Highlights at the American Museum of Natural History
- Feel the drama of the undersea world in the Milstein Hall of Ocean Life, featuring models of more than 750 sea creatures, including the 94-foot-long, 21,000-pound model of a blue whale suspended from the ceiling.
- See more than 130 scientifically significant meteorites in the Arthur Ross Hall of Meteorites and learn what the rocky space fragments may tell us about the formation and evolution of the Sun and planets.
- Spend time exploring the museum’s famed series of fossil halls, including the dinosaur halls that feature the largest collection of dinosaur fossils in the world, including imposing mounts of Tyrannosaurus rex and Apatosaurus.
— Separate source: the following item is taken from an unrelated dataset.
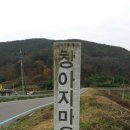 국토종주(한강, 남한강, 새재, 낙동강) 6일차. 이미지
- Learn about the evolutionary story of the human family and travel the world in the Human Origins and Cultural Halls, with halls examining the cultures of Asia, Africa, North and South America and the Pacific.
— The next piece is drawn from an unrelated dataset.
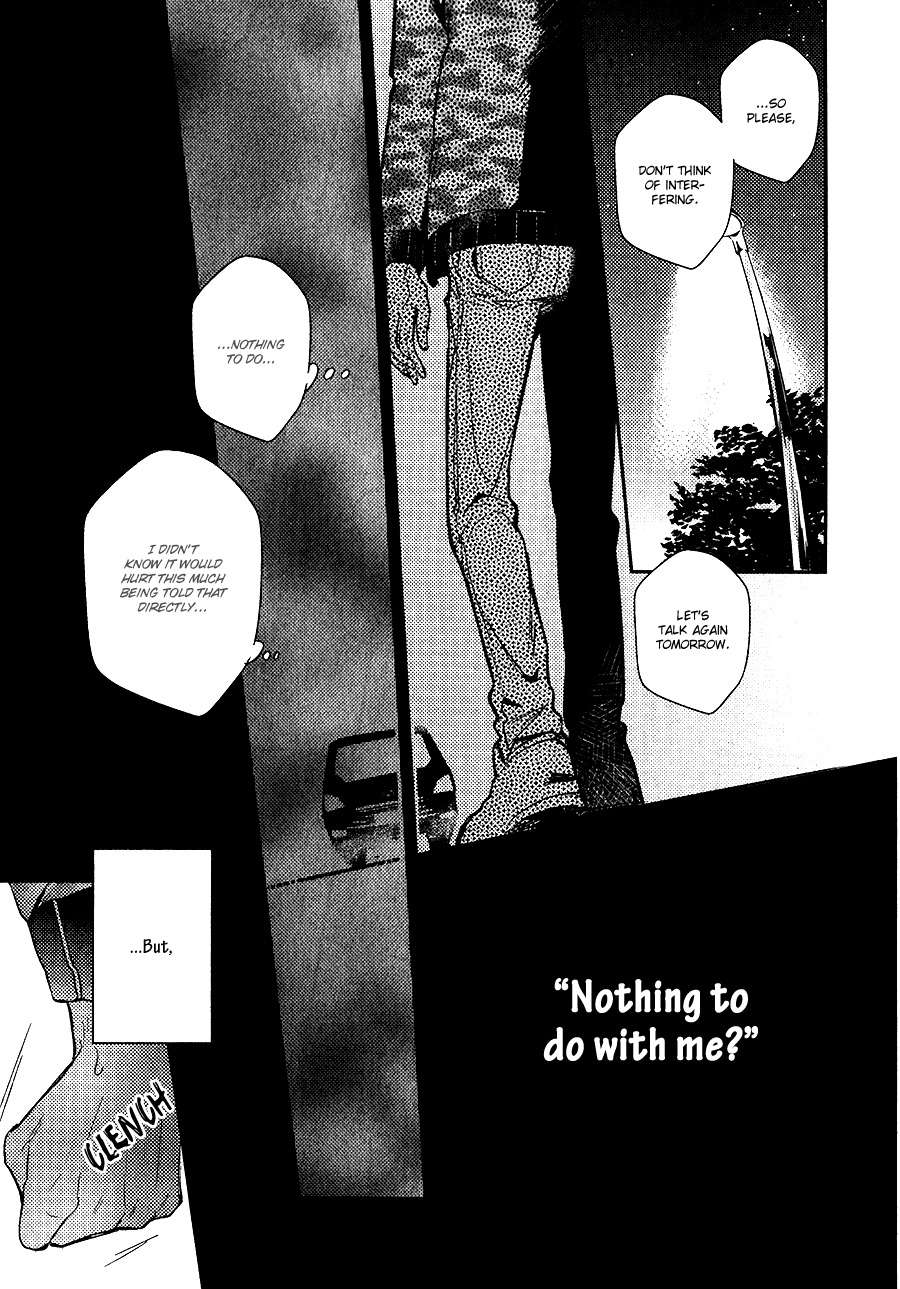 Secret-Xxx-Hinohara-Meguru-Eng page 9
- Don’t miss the renowned dioramas in the Mammal Halls, with precise depictions of geographic locations and anatomically correct specimens from around the globe.
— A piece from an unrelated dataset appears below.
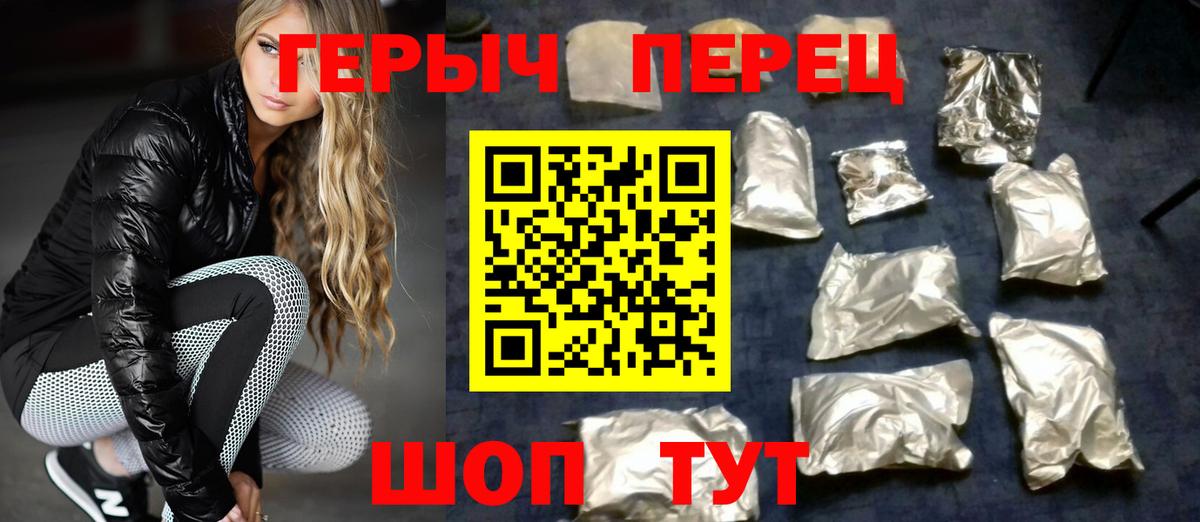 ГЕРОИН  Вход с VPN  Лабытнанги  ГЕРОИН VHQ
- Visit the spectacular Hayden Sphere and explore the 13-billion year history of the Universe at the Rose Center for Earth and Science.
The American Museum of Natural History also has a planetarium and an IMAX theater, as well as special visiting exhibitions and plenty of places to eat and shop. The dinosaur wing is a must-see, and if you have time, lie down under the life-size model of a blue whale in the Milstein Hall of Ocean Life.
The museum is located at 79th Street and Central Park West, accessible via the B C trains of the New York City Subway. There is a low-level floor direct access into the museum via the 81st Street – Museum of Natural History subway station on the IND Eighth Avenue Line at the south end of the upper platform (where uptown trains arrive).
On a pedestal outside the museum’s Columbus Avenue entrance is a stainless steel time capsule, which was created after a design competition that was won by Santiago Calatrava. The capsule was sealed at the beginning of 2000, to mark the beginning of the 3rd millennium. It takes the form of a folded saddle-shaped volume, symmetrical on multiple axes, that explores formal properties of folded spherical frames. Calatrava described it as “a flower”. The plan is that the capsule will be opened in the year 3000.